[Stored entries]
══════════════════════════════

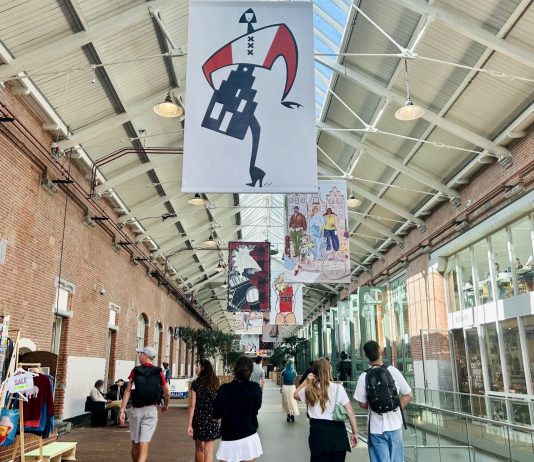 West is het bruisende modedistrict van Amsterdam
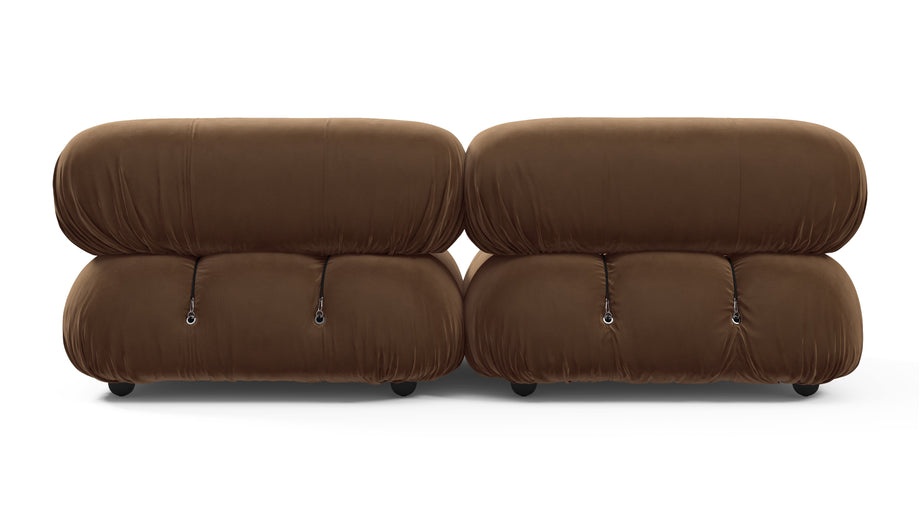 Sofá BelliniMocha Velvet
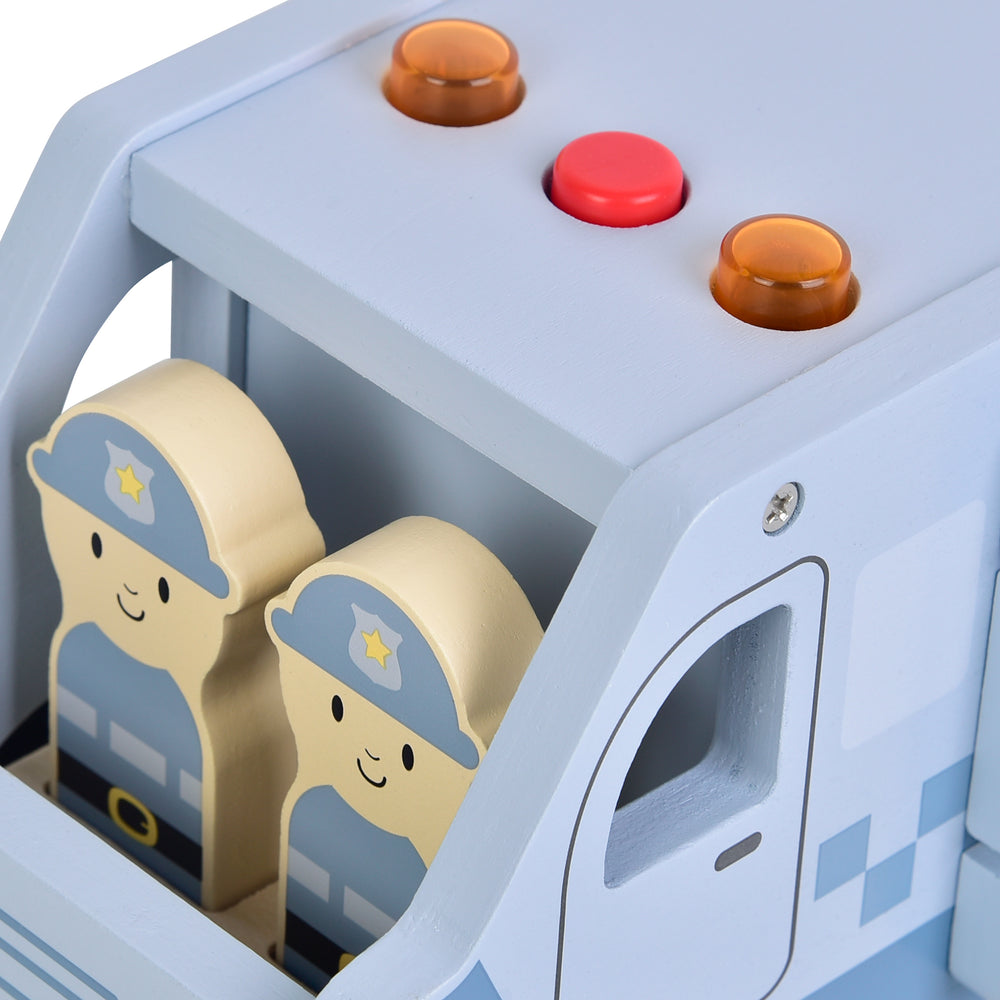 Kinder and Kids Politibil med lyd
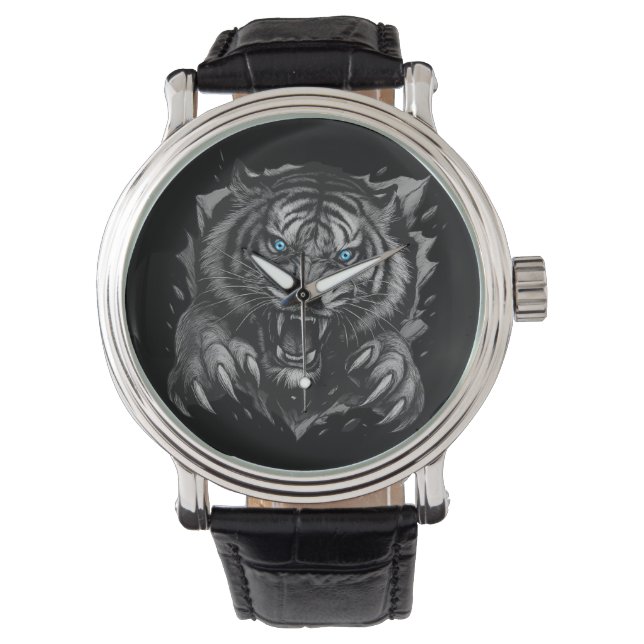 Fierce Tiger Breakthrough: Bold & Wild Watch (Front)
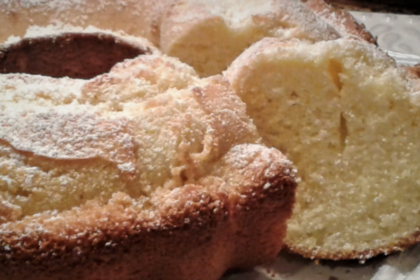 Moist Lemon Cake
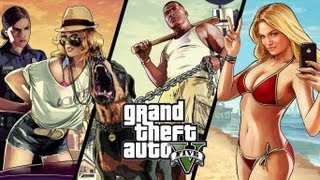 Grand Theft Auto V :  A Primeira Hora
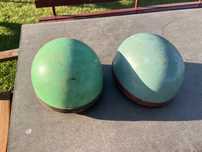 Kask orzeszek PRL
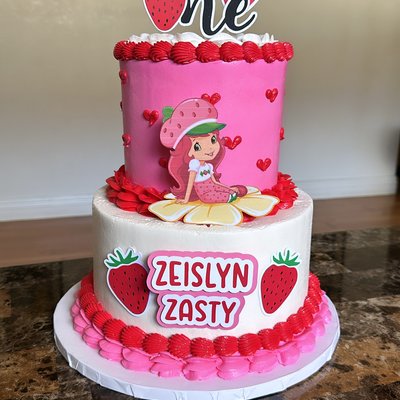 2-Tiered Cake 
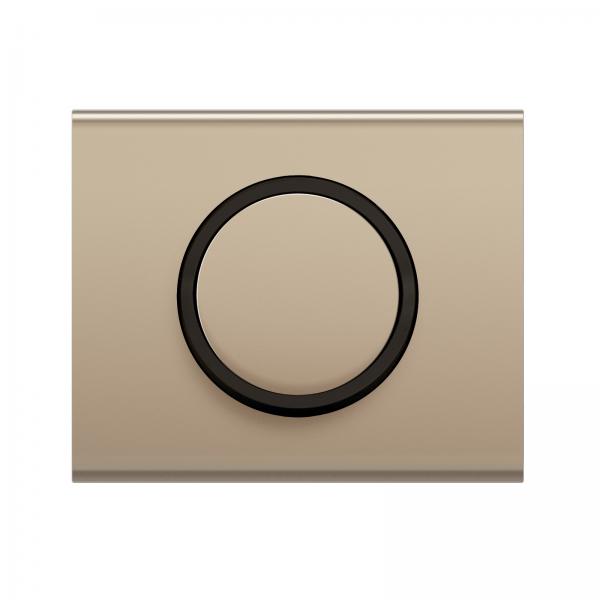 Vignette 3 produit Ref : CB2006 | Enjoliveur mcanisme  anneau nouveau Cliane - Nickel Satin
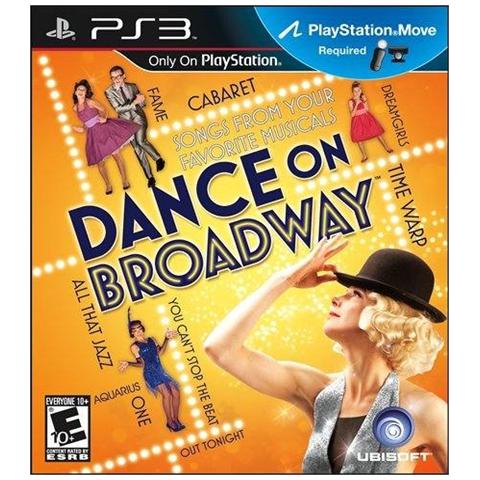 PS3 - Dance on Broadway (Software per Playstation Move)  - Foto 1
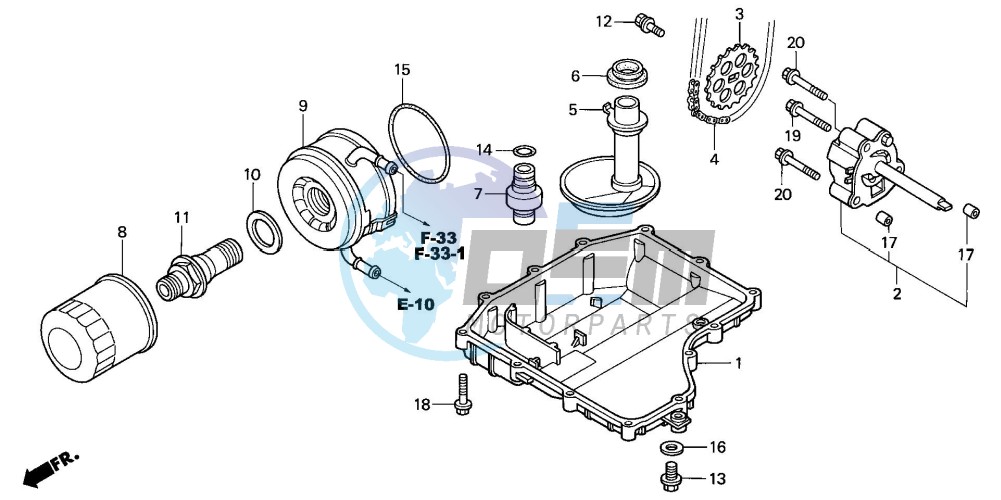 OIL PAN/OIL PUMP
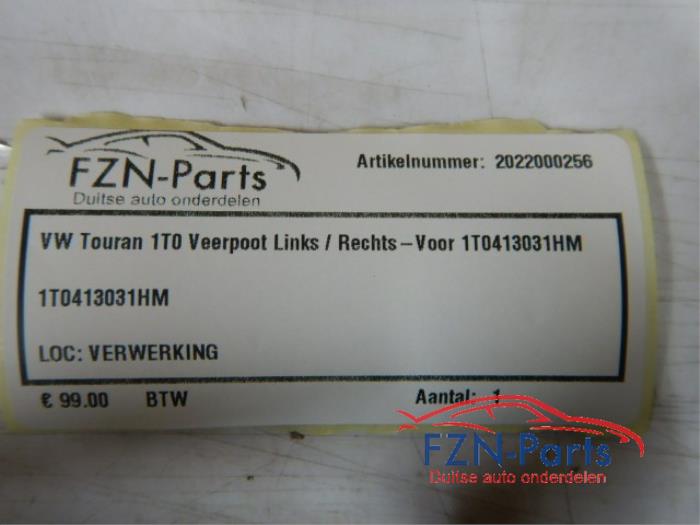 VW Touran 1T0 Veerpoot Links-Rechts -voor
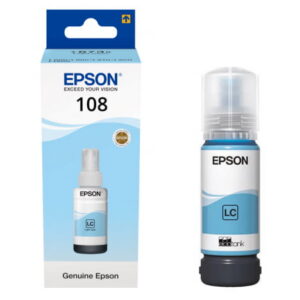 Epson 108 (C13T09C54A) heletsüaan muste 7200lk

══════════════════════════════

§ **Problem to solve**:
The answer is the full set of records printed exactly, less the pictures.

§ **Response to the exercise**:
 West is het bruisende modedistrict van Amsterdam
 Sofá BelliniMocha Velvet
 Kinder and Kids Politibil med lyd
 Fierce Tiger Breakthrough: Bold & Wild Watch (Front)
 Moist Lemon Cake
 Grand Theft Auto V :  A Primeira Hora
 Kask orzeszek PRL
 2-Tiered Cake 
 Vignette 3 produit Ref : CB2006 | Enjoliveur mcanisme  anneau nouveau Cliane - Nickel Satin
 PS3 - Dance on Broadway (Software per Playstation Move)  - Foto 1
 OIL PAN/OIL PUMP
 VW Touran 1T0 Veerpoot Links-Rechts -voor
 Epson 108 (C13T09C54A) heletsüaan muste 7200lk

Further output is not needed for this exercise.